A little over one month ago I wrote about attending a woman's retreat. There God was encouraging me to remove my 'steel door' mask and trust Him. Trust Him. There's the rub. Then I was not sure I could trust Him. All I could do was cry out, "Help me trust You." And He lead me to Exodus 15:13
I prayed, "Lord, lead me. Guide me. Let me hold on to your hand." And He replied, "Child, you are already in both of my hands."
With your unfailing love you lead the people you have redeemed.
In you might, you guide them in your sacred home.

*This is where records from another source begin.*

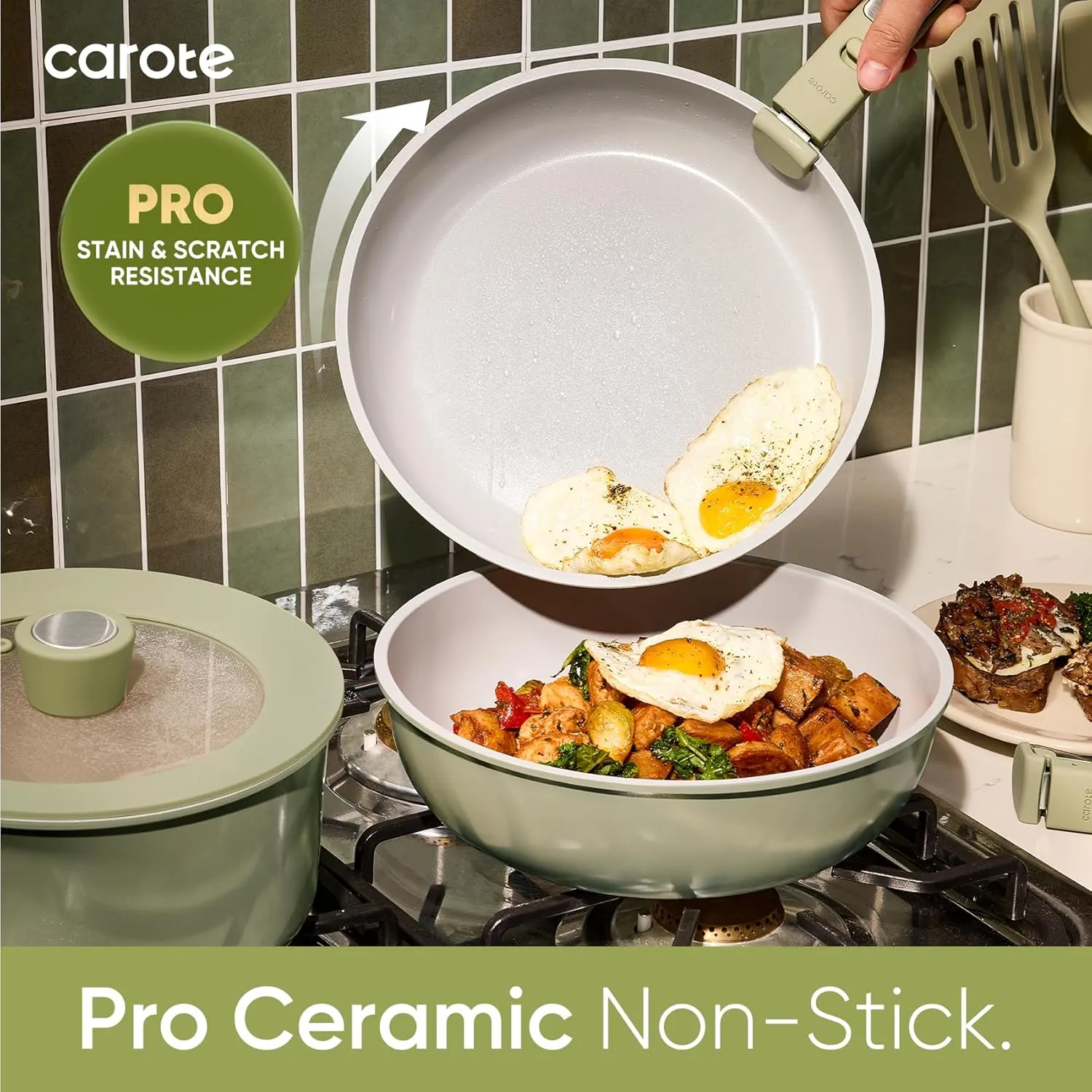 CAROTE 25pcs Ceramic Cookware Set Nonstick, Pots and Pans Set Non stick, Non Toxic Cookware, Dishwasher/Oven Safe, RV/Camping Cookware Set, Pan and Pot with Kitchen Utensils, Green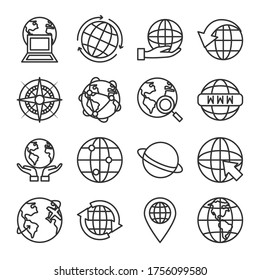 conjunto de iconos de planeta saturado y esfera global sobre fondo blanco, estilo de línea, ilustración vectorial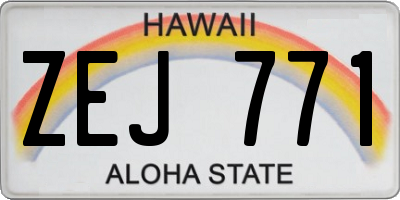 HI license plate ZEJ771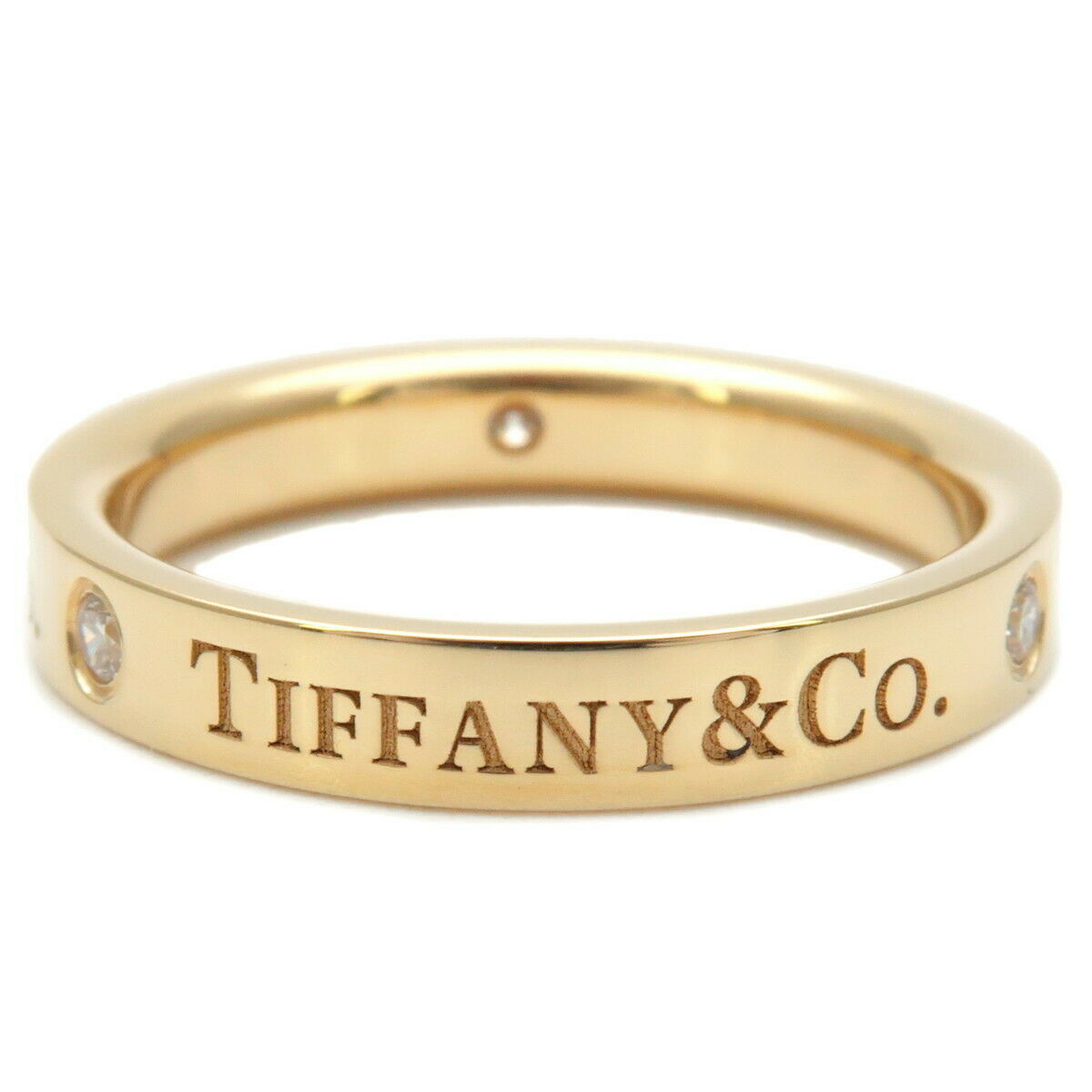 Auth TiffanyCo. Flat Band 3P Diamond Ring Yellow Gold US4.5-5 EU49 Used F/S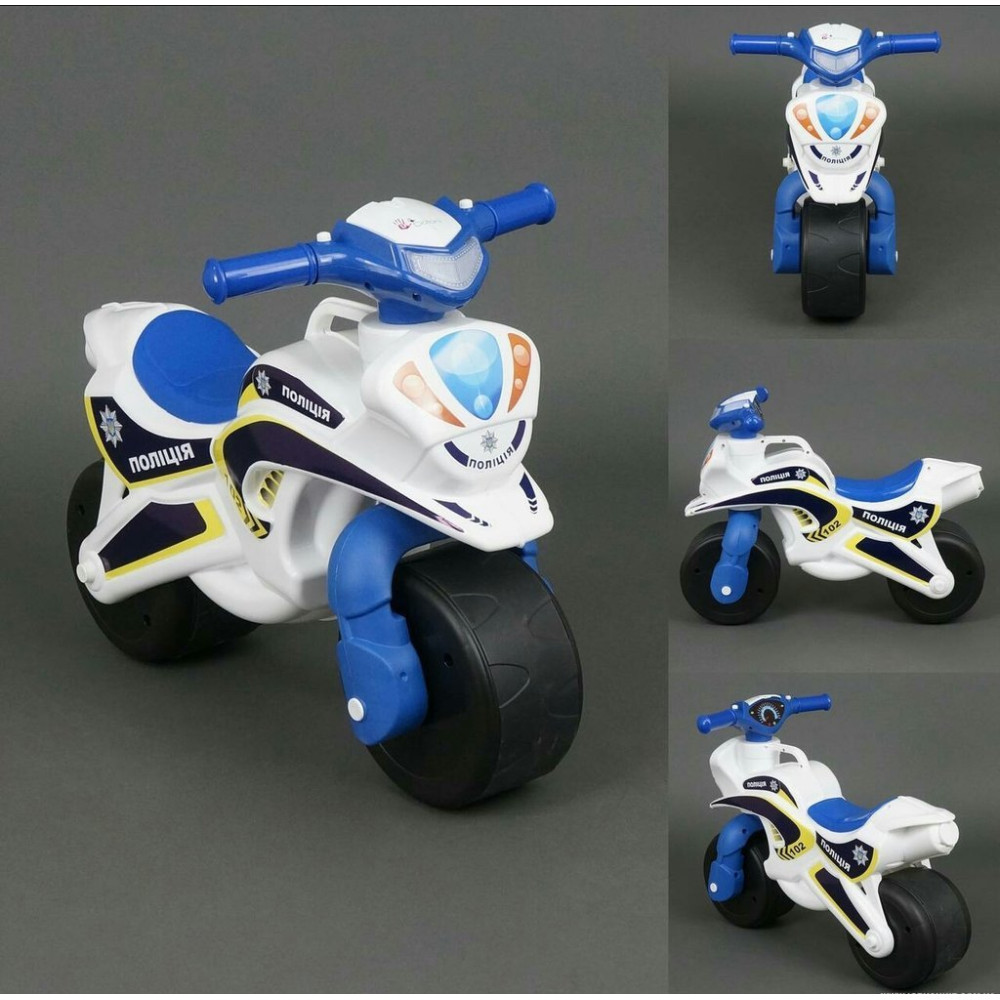Байк поліція білий корпус, синій з білим  ,сидіння
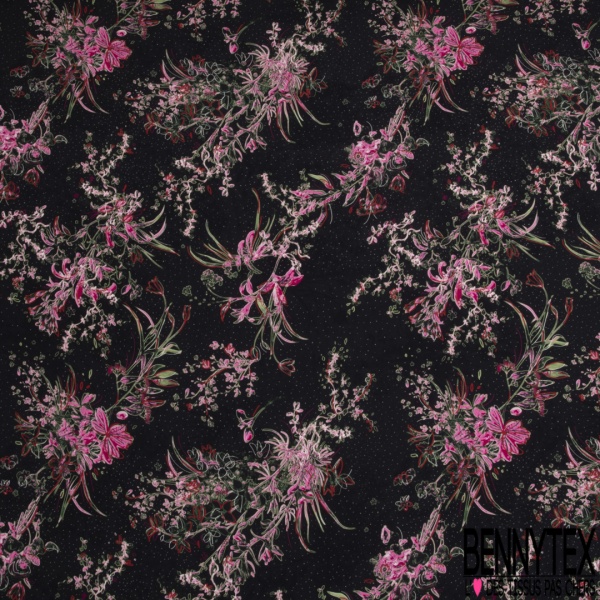 Fibranne viscose imprimé feuillage et fleur stylisés noir blanc fond ocre fine rayure verticale lurex or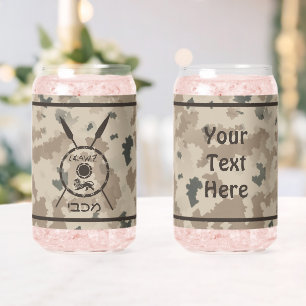 Maccabee Shield And Spears Desert Can Glass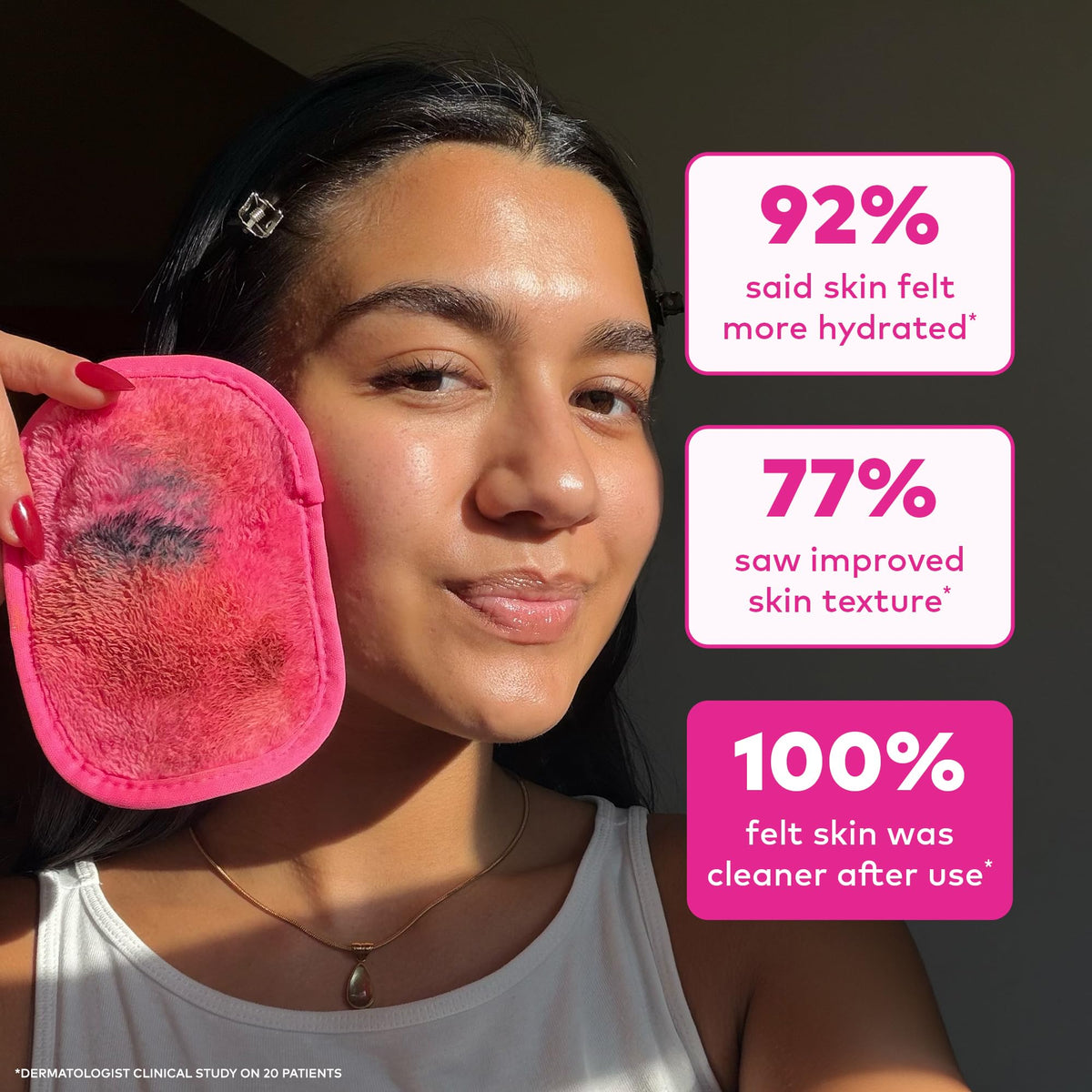 The Original MakeUp Eraser 7-Day Set, Erase All Makeup with Just Water, Including Waterproof Mascara, Eyeliner, Foundation, Lipstick, Sunscreen, and More! Original Pink, 7ct.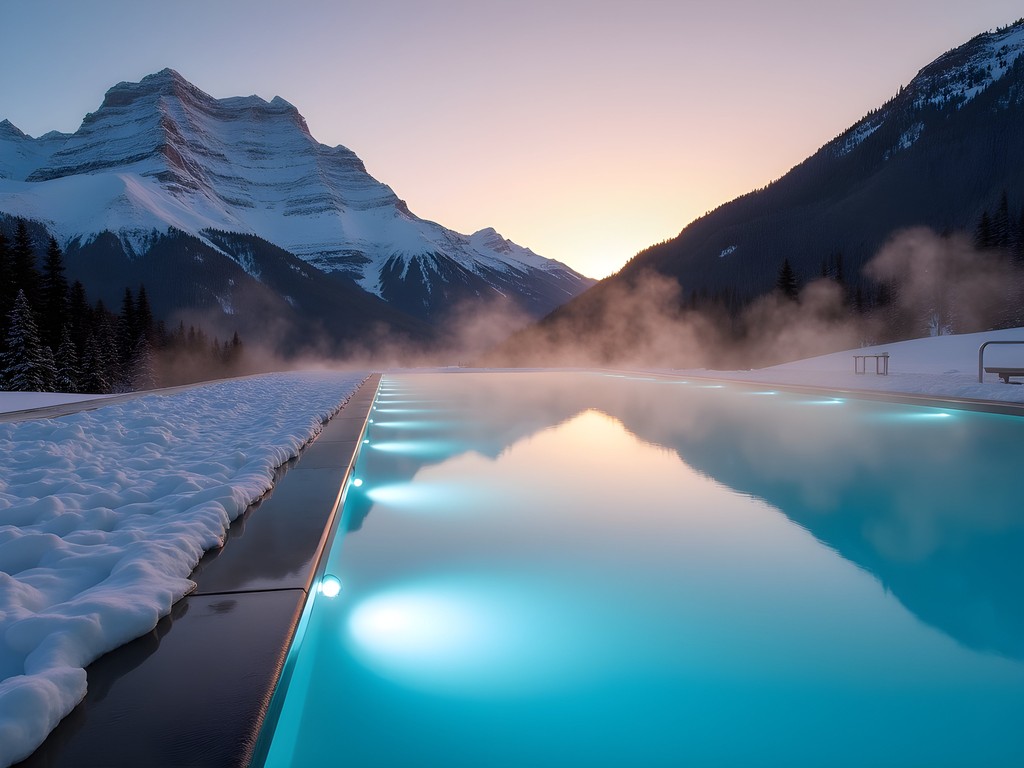 Outdoor spa pool with steam rising against backdrop of snow-covered Alps in Grindelwald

I prayed, "Lord, lead me. Guide me. Let me hold on to your hand." And He replied, "Child, you are already in both of my hands."
I was learning to trust.
So today in my one-year Bible I'm in the book of Deuteronomy (1:31-33). Moses is making his final speech to the people of Israel before they take over the promised land:
You saw how the Lord you God cared for you all along the way as you traveled through the wilderness, just as a father cares for his child. Now he has brought you to this place. But even after all he did, you refused to trust the Lord your God, who goes before you...guiding you..."
It struck me. After all he is showing me - all these blog posting proving that He is talking to me, going before me and guiding me - will I be like the Israelites? Will I still be unable, or should I say unwilling, to trust the Lord my God?
I know trust is my issue. Lord, I believe you go before me and guide me. Help my unbelief.